RECORDS SUPPLIED:

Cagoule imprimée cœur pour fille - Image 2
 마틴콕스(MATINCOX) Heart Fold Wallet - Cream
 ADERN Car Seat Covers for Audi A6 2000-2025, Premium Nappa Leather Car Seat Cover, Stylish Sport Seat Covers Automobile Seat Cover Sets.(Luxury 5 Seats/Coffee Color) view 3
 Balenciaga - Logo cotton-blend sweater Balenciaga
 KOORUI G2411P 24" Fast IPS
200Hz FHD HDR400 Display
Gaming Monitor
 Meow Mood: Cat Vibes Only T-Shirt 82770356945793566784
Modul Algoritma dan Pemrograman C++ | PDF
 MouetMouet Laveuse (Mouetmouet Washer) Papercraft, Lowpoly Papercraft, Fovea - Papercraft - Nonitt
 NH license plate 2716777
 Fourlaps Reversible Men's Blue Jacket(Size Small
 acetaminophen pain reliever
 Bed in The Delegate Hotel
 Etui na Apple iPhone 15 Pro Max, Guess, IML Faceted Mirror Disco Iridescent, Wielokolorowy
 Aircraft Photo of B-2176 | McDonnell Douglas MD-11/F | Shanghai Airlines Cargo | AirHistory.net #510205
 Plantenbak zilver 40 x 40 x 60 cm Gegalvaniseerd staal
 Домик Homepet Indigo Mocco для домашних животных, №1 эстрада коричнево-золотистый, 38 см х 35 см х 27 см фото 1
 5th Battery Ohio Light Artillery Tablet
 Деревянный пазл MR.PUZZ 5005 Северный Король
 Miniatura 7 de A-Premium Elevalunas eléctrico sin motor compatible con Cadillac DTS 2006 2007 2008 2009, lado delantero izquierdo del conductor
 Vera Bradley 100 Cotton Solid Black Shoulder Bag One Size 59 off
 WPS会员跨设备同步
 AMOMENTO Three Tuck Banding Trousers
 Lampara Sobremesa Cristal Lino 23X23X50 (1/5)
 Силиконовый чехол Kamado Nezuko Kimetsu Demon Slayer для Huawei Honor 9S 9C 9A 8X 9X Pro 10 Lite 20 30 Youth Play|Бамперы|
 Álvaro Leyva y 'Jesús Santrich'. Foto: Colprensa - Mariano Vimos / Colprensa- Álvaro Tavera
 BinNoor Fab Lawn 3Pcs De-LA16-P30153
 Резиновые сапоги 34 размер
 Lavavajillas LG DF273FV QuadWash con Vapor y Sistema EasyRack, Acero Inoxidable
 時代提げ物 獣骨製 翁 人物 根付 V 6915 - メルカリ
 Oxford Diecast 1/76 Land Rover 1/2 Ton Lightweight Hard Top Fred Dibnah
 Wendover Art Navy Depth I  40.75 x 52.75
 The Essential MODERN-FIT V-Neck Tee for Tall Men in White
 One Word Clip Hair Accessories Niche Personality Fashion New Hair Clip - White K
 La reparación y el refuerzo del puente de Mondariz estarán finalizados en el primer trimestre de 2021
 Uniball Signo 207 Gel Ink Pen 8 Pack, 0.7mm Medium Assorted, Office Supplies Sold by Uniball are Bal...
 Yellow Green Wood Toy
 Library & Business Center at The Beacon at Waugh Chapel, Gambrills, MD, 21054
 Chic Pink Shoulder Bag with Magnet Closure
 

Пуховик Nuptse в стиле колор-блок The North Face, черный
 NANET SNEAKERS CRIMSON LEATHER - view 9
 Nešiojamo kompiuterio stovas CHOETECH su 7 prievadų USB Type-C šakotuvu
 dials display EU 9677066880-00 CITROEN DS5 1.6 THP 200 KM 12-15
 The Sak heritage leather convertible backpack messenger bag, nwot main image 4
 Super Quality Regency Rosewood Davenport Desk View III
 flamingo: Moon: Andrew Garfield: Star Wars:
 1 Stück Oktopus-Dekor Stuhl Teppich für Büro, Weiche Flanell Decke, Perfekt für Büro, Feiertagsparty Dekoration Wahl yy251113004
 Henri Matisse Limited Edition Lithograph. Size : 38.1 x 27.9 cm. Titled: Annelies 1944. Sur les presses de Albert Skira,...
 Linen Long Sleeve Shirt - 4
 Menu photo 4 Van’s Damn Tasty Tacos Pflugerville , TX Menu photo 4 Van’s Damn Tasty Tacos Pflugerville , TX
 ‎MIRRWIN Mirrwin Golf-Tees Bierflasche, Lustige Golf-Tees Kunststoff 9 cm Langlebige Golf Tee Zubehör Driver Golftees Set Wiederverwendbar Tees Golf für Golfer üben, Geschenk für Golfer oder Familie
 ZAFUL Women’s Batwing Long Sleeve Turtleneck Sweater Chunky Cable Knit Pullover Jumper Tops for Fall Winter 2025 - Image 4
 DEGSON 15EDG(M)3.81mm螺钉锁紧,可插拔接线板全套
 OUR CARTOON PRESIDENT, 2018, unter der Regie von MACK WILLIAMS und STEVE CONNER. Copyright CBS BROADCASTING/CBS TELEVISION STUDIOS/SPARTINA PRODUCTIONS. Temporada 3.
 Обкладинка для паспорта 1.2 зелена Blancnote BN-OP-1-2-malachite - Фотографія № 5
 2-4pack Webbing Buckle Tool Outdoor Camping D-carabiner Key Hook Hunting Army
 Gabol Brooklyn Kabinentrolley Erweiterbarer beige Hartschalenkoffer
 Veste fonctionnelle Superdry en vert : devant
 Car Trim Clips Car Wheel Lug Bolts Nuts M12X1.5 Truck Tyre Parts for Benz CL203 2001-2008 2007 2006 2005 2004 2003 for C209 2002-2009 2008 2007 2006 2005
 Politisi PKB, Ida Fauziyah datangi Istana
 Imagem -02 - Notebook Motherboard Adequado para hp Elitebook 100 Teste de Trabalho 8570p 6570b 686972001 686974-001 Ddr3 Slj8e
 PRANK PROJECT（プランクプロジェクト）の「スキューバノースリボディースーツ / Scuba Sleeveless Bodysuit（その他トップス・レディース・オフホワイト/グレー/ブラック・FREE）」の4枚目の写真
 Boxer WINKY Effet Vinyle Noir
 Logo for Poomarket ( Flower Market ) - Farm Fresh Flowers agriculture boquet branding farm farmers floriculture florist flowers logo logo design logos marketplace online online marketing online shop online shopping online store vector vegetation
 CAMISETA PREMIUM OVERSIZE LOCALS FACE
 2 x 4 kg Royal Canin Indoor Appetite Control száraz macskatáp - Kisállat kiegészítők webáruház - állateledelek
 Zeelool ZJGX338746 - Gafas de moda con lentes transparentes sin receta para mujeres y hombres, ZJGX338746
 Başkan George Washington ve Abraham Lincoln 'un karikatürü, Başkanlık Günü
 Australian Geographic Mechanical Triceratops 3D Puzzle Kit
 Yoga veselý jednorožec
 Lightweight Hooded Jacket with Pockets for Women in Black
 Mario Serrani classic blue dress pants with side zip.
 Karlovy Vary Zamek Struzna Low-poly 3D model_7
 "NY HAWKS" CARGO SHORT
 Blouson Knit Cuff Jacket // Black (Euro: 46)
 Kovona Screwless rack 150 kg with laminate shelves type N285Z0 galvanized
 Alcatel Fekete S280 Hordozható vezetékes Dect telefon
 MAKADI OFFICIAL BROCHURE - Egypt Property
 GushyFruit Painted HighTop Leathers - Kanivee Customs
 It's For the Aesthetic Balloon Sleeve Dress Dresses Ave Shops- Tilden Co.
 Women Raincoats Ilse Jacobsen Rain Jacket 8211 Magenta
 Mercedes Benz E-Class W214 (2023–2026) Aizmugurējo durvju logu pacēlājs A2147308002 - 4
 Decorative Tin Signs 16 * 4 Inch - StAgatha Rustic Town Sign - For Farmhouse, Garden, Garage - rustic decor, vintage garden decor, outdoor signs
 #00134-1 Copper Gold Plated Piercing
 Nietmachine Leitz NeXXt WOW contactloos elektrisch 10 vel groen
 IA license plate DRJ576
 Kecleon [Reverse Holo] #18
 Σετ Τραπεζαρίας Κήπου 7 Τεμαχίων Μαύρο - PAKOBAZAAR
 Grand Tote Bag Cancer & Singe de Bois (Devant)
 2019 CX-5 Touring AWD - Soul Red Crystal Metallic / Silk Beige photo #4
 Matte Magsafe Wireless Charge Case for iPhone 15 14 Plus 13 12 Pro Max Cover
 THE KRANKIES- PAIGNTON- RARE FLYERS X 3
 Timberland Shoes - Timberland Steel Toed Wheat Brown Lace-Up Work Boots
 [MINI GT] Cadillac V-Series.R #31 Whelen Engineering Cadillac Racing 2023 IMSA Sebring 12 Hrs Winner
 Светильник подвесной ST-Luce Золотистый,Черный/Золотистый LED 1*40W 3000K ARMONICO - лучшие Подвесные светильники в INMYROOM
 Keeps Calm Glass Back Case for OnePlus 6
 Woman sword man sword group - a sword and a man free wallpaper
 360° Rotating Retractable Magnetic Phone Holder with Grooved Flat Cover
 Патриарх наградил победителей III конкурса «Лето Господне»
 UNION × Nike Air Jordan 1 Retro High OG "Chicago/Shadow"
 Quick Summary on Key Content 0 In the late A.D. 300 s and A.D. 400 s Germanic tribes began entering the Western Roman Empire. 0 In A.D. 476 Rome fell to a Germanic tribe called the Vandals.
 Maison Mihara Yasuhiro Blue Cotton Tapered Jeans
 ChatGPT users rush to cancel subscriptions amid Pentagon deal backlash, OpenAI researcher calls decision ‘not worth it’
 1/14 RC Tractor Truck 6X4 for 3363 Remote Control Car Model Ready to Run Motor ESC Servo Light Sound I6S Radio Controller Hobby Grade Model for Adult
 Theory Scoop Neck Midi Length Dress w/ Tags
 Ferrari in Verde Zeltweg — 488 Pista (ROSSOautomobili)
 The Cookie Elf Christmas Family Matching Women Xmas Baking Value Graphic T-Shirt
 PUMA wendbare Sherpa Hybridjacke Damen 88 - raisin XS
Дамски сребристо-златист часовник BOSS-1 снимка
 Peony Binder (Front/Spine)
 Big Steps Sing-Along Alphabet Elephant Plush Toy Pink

TASK:
Above are the lines; repeat exactly the ones from the line containing "Modul Algoritma dan Pemrograman C++ | PDF" down to the line containing "Library & Business", both inclusive.

ANSWER FOR THIS EXERCISE:
Modul Algoritma dan Pemrograman C++ | PDF
 MouetMouet Laveuse (Mouetmouet Washer) Papercraft, Lowpoly Papercraft, Fovea - Papercraft - Nonitt
 NH license plate 2716777
 Fourlaps Reversible Men's Blue Jacket(Size Small
 acetaminophen pain reliever
 Bed in The Delegate Hotel
 Etui na Apple iPhone 15 Pro Max, Guess, IML Faceted Mirror Disco Iridescent, Wielokolorowy
 Aircraft Photo of B-2176 | McDonnell Douglas MD-11/F | Shanghai Airlines Cargo | AirHistory.net #510205
 Plantenbak zilver 40 x 40 x 60 cm Gegalvaniseerd staal
 Домик Homepet Indigo Mocco для домашних животных, №1 эстрада коричнево-золотистый, 38 см х 35 см х 27 см фото 1
 5th Battery Ohio Light Artillery Tablet
 Деревянный пазл MR.PUZZ 5005 Северный Король
 Miniatura 7 de A-Premium Elevalunas eléctrico sin motor compatible con Cadillac DTS 2006 2007 2008 2009, lado delantero izquierdo del conductor
 Vera Bradley 100 Cotton Solid Black Shoulder Bag One Size 59 off
 WPS会员跨设备同步
 AMOMENTO Three Tuck Banding Trousers
 Lampara Sobremesa Cristal Lino 23X23X50 (1/5)
 Силиконовый чехол Kamado Nezuko Kimetsu Demon Slayer для Huawei Honor 9S 9C 9A 8X 9X Pro 10 Lite 20 30 Youth Play|Бамперы|
 Álvaro Leyva y 'Jesús Santrich'. Foto: Colprensa - Mariano Vimos / Colprensa- Álvaro Tavera
 BinNoor Fab Lawn 3Pcs De-LA16-P30153
 Резиновые сапоги 34 размер
 Lavavajillas LG DF273FV QuadWash con Vapor y Sistema EasyRack, Acero Inoxidable
 時代提げ物 獣骨製 翁 人物 根付 V 6915 - メルカリ
 Oxford Diecast 1/76 Land Rover 1/2 Ton Lightweight Hard Top Fred Dibnah
 Wendover Art Navy Depth I  40.75 x 52.75
 The Essential MODERN-FIT V-Neck Tee for Tall Men in White
 One Word Clip Hair Accessories Niche Personality Fashion New Hair Clip - White K
 La reparación y el refuerzo del puente de Mondariz estarán finalizados en el primer trimestre de 2021
 Uniball Signo 207 Gel Ink Pen 8 Pack, 0.7mm Medium Assorted, Office Supplies Sold by Uniball are Bal...
 Yellow Green Wood Toy
 Library & Business Center at The Beacon at Waugh Chapel, Gambrills, MD, 21054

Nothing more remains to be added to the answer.